Stored records

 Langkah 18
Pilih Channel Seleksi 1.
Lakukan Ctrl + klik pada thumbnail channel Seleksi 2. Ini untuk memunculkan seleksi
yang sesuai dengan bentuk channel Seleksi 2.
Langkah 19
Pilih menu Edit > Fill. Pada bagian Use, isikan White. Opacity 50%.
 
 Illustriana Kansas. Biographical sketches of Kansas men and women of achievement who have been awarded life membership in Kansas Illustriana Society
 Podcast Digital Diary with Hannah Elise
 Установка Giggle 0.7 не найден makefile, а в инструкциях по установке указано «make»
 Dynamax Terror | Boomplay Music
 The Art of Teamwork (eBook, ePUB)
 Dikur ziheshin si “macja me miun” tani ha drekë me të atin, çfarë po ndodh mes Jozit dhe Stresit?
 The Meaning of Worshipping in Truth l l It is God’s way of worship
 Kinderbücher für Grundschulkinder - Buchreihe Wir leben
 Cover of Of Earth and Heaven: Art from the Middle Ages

**Exercise**
All lines from the one with "Kinderbücher für Grundschulkinder" onward to the end of the records above should be repeated exactly, and only those lines.

**Answer box**
 Kinderbücher für Grundschulkinder - Buchreihe Wir leben
 Cover of Of Earth and Heaven: Art from the Middle Ages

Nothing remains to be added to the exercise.